[What the task requires] For every line below, restate it exactly and drop the images.

[Information provided]
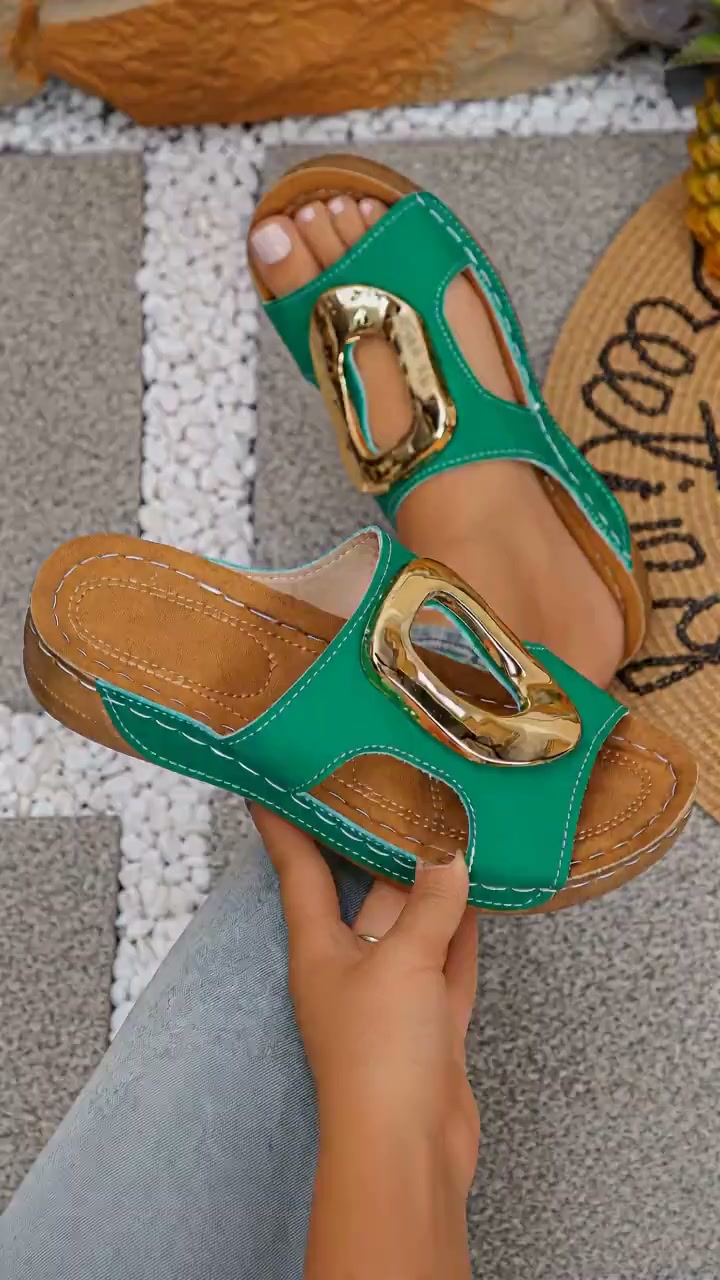 Gold Buckle Wedge Slides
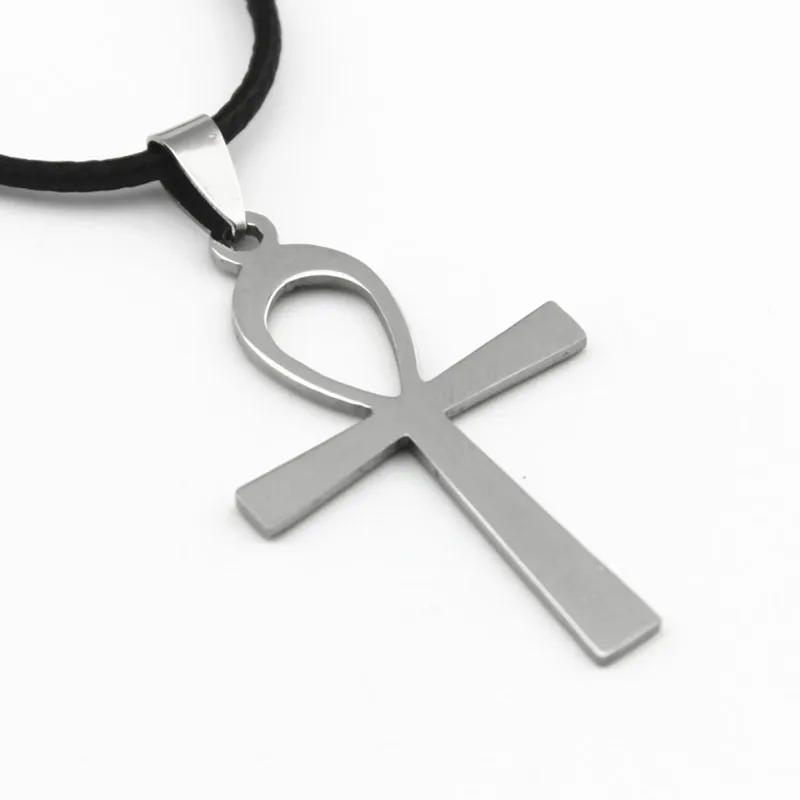 New Arrival Silver plated Alloy Ancient Egyptian Anka Cross Pendant Necklace With Leather Chain for the symbol of life Jewelry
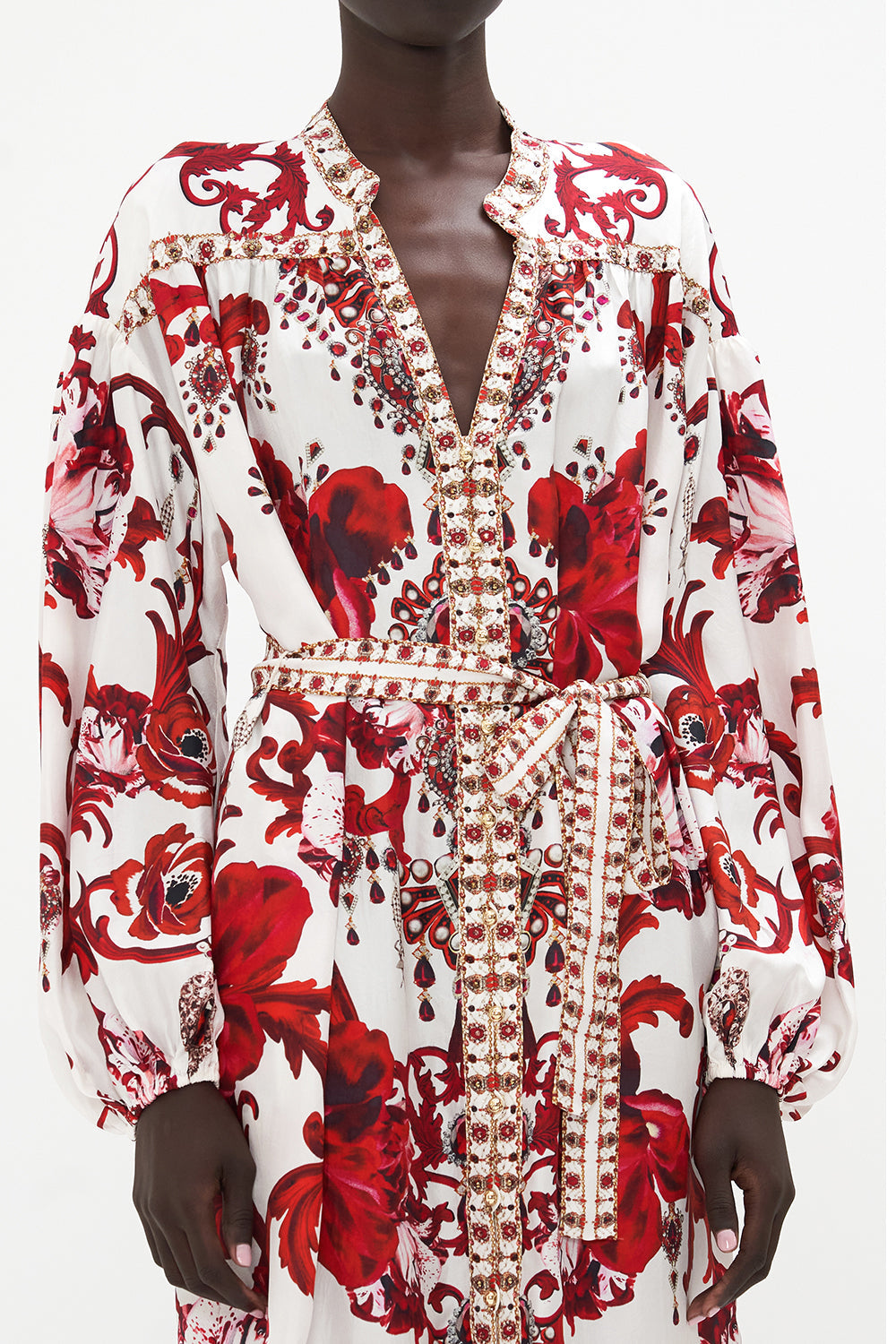 BLOUSON SLEEVE MIDI DRESS CROWN OF THORNS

[Answer to this problem]
 Gold Buckle Wedge Slides
 New Arrival Silver plated Alloy Ancient Egyptian Anka Cross Pendant Necklace With Leather Chain for the symbol of life Jewelry
 BLOUSON SLEEVE MIDI DRESS CROWN OF THORNS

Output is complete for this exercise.